§ **PROBLEM DETAILS**
Please quote exactly the opening lines of the data, from the first line to the one where "Acoperişul Arhiepiscopiei Tomisului" appears.

(Saved entries)
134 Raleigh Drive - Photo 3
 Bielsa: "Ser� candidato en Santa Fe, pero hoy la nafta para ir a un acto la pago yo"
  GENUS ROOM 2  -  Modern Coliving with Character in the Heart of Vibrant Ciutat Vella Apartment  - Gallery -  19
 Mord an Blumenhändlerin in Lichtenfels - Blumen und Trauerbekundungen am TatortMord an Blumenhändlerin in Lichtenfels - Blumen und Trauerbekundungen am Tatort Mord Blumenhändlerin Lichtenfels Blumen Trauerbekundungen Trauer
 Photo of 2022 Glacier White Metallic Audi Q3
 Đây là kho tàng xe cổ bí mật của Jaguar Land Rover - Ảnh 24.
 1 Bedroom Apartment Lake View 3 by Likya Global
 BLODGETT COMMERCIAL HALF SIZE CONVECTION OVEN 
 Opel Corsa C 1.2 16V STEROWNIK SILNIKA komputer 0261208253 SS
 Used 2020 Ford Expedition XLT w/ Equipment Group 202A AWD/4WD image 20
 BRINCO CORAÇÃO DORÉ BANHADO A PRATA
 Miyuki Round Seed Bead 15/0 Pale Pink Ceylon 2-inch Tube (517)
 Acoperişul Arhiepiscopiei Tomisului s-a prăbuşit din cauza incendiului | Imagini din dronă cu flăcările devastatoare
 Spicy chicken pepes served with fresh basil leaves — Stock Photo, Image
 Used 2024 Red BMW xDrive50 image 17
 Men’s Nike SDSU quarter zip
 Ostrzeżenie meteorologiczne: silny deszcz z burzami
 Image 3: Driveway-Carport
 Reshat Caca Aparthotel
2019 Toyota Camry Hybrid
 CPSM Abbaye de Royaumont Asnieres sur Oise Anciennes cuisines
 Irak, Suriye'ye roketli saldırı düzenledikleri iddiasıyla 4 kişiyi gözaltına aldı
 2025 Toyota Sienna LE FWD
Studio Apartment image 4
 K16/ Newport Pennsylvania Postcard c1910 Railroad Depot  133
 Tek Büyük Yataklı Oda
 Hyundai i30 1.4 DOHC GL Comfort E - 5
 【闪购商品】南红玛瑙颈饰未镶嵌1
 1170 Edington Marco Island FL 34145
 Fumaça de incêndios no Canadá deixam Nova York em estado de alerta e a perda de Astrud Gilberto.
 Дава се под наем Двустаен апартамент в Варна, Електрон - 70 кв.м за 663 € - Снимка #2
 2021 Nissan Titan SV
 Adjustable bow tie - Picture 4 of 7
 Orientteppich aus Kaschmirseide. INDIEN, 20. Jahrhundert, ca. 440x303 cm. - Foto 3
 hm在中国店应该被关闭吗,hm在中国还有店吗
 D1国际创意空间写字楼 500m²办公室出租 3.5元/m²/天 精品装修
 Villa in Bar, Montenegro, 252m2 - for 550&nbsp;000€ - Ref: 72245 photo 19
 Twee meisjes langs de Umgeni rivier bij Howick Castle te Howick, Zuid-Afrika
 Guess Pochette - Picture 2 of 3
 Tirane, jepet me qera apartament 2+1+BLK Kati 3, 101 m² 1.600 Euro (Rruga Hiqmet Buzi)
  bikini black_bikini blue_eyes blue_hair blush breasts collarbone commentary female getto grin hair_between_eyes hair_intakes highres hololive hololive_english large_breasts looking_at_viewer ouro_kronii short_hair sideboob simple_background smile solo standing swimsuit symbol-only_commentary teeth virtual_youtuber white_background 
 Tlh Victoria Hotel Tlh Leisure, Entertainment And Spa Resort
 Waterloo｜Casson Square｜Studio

§ **OUTPUT OF THE EXERCISE**
134 Raleigh Drive - Photo 3
 Bielsa: "Ser� candidato en Santa Fe, pero hoy la nafta para ir a un acto la pago yo"
  GENUS ROOM 2  -  Modern Coliving with Character in the Heart of Vibrant Ciutat Vella Apartment  - Gallery -  19
 Mord an Blumenhändlerin in Lichtenfels - Blumen und Trauerbekundungen am TatortMord an Blumenhändlerin in Lichtenfels - Blumen und Trauerbekundungen am Tatort Mord Blumenhändlerin Lichtenfels Blumen Trauerbekundungen Trauer
 Photo of 2022 Glacier White Metallic Audi Q3
 Đây là kho tàng xe cổ bí mật của Jaguar Land Rover - Ảnh 24.
 1 Bedroom Apartment Lake View 3 by Likya Global
 BLODGETT COMMERCIAL HALF SIZE CONVECTION OVEN 
 Opel Corsa C 1.2 16V STEROWNIK SILNIKA komputer 0261208253 SS
 Used 2020 Ford Expedition XLT w/ Equipment Group 202A AWD/4WD image 20
 BRINCO CORAÇÃO DORÉ BANHADO A PRATA
 Miyuki Round Seed Bead 15/0 Pale Pink Ceylon 2-inch Tube (517)
 Acoperişul Arhiepiscopiei Tomisului s-a prăbuşit din cauza incendiului | Imagini din dronă cu flăcările devastatoare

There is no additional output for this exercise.